Assignment: Look through the entries below and extract exactly the lines from the one containing "Tênis Corre 5" through the one containing "Аеропорт в Римі не працює через лісові п…", ends included.
[Dataset excerpts — start]
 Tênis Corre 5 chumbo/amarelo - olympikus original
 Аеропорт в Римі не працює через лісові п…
[Dataset excerpts — finish]
[Dataset excerpts — start]
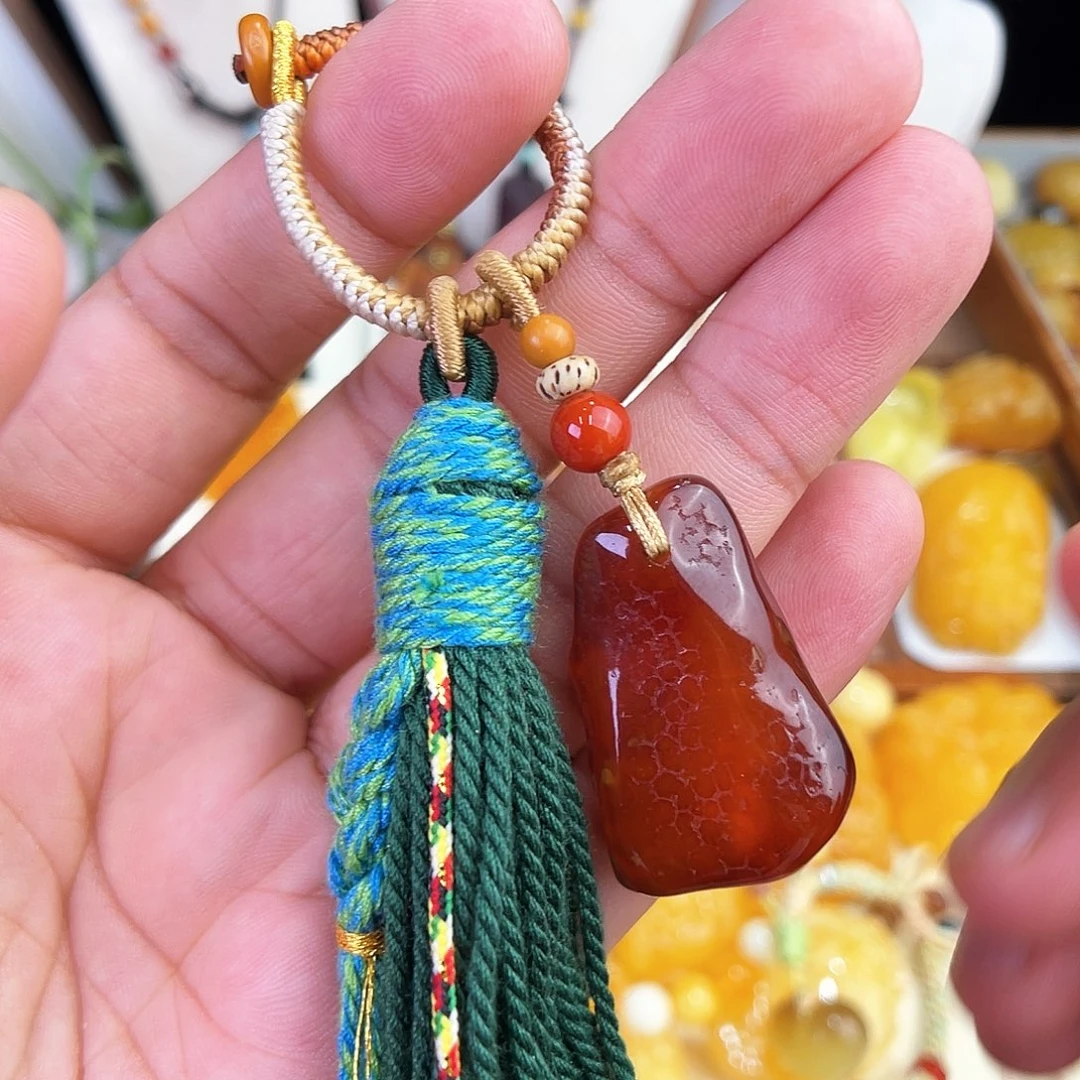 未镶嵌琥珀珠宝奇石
[Dataset excerpts — finish]
Answer:
 Tênis Corre 5 chumbo/amarelo - olympikus original
 Аеропорт в Римі не працює через лісові п…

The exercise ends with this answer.